-- Problem details --
Using the records below, copy exactly the part that opens with the line holding "SsangYong Korando — miniaturë 13" and closes with the line holding "Christian Dior My Lady Bags", minus the pictures.

-- Data under study --
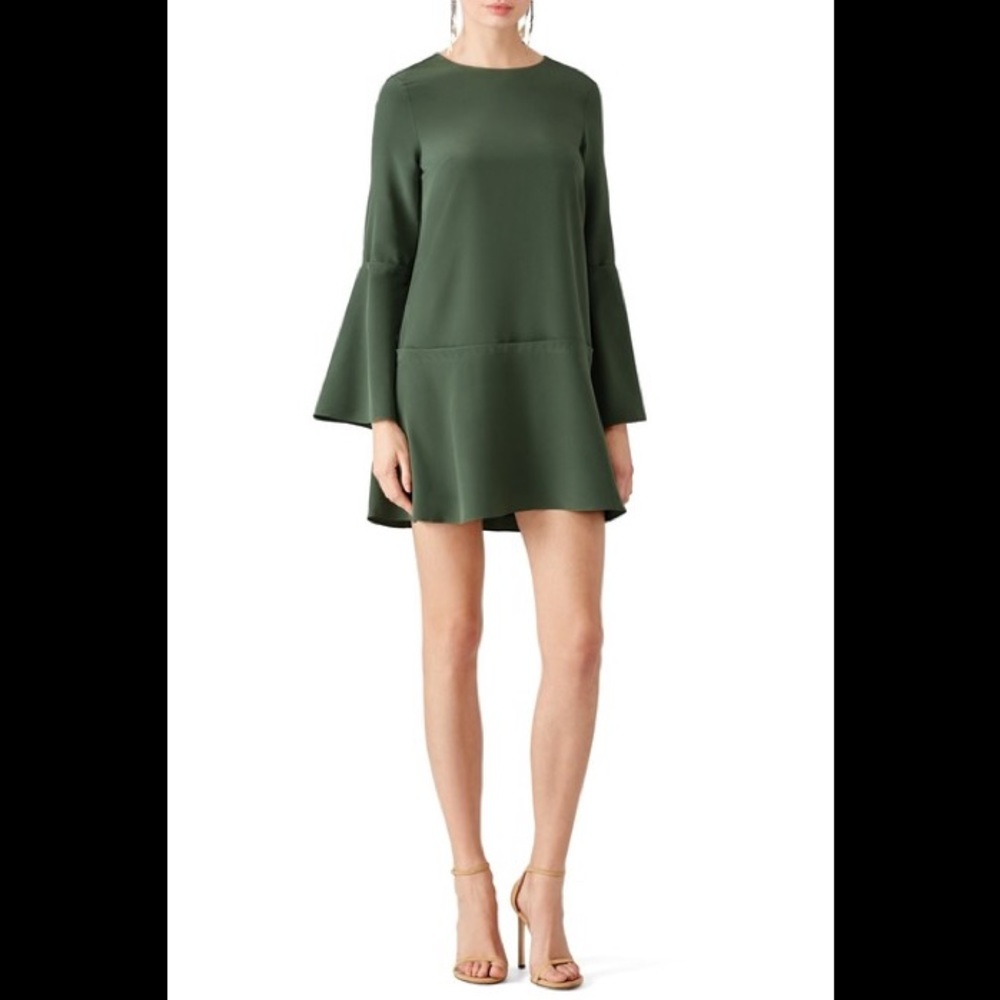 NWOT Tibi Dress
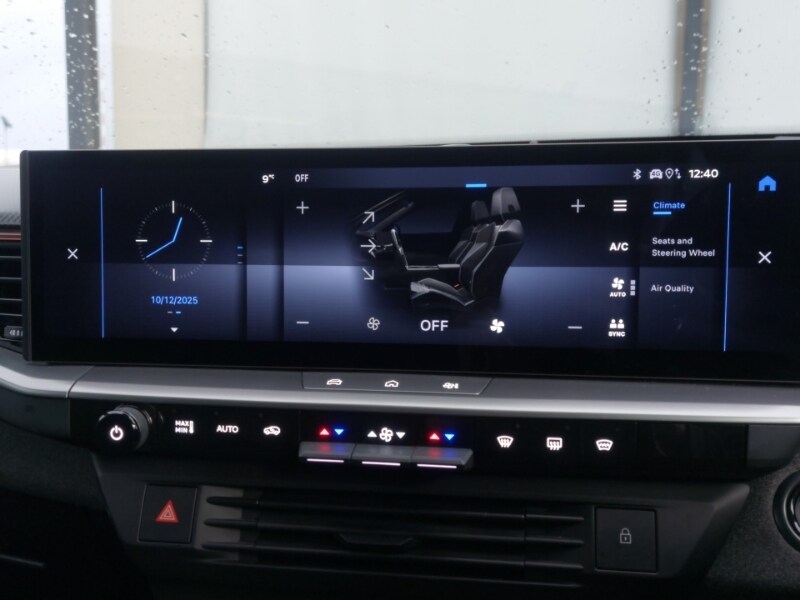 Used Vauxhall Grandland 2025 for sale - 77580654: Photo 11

* * *

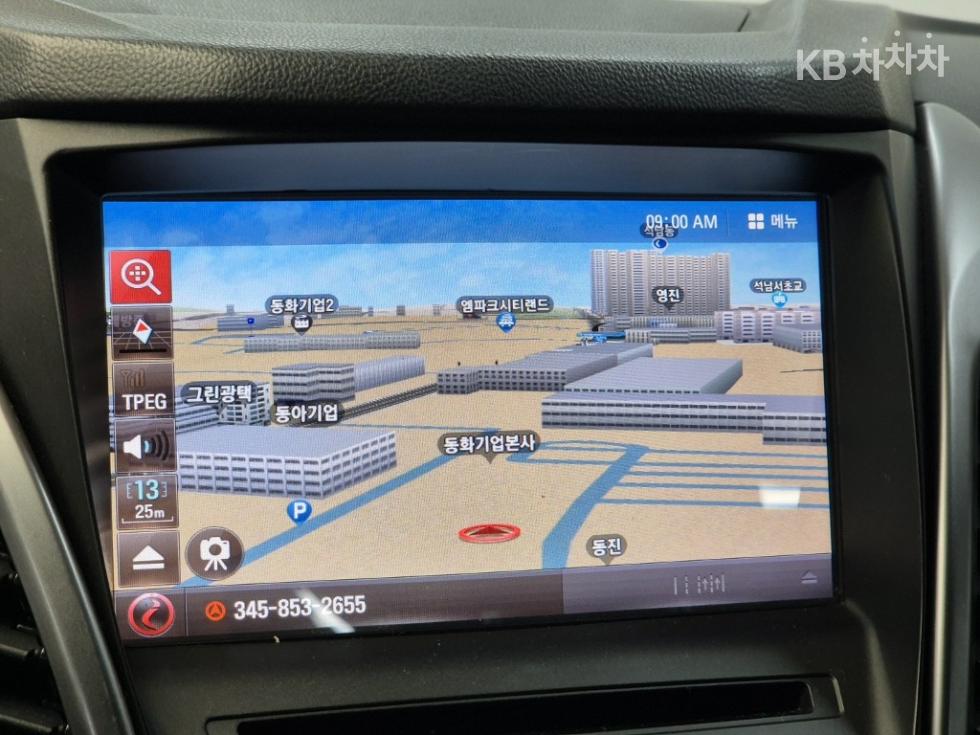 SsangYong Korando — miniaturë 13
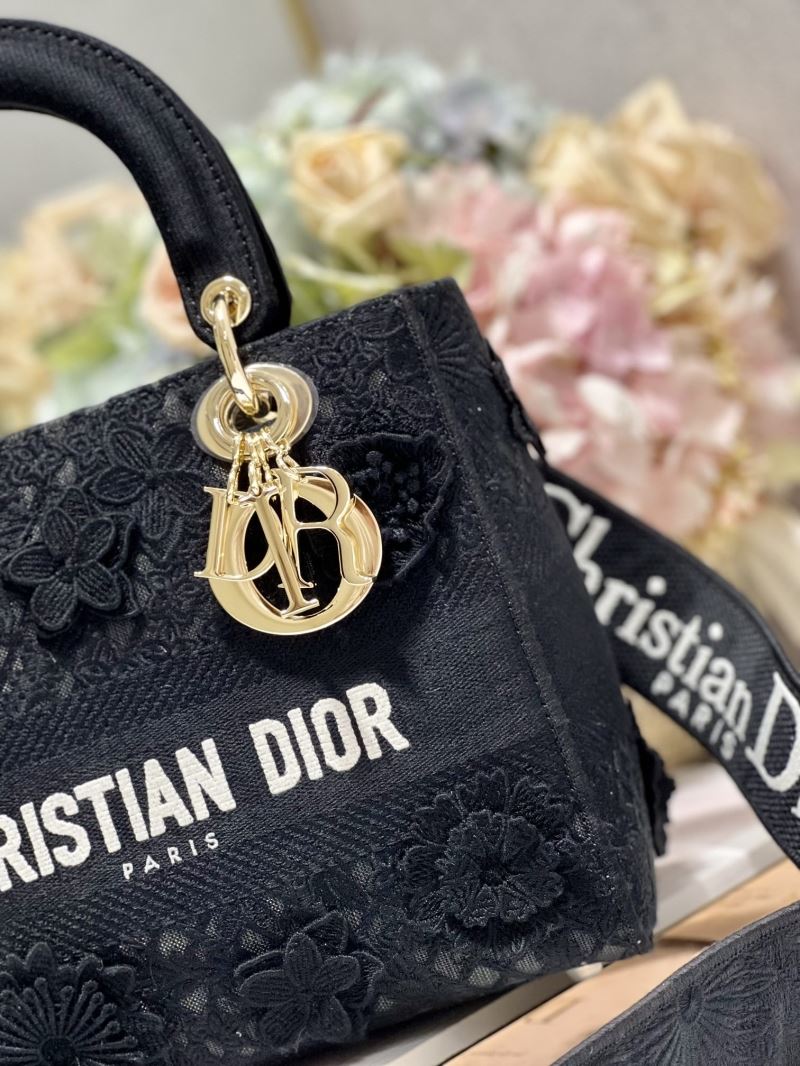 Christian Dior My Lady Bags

-- Response below --
 SsangYong Korando — miniaturë 13
 Christian Dior My Lady Bags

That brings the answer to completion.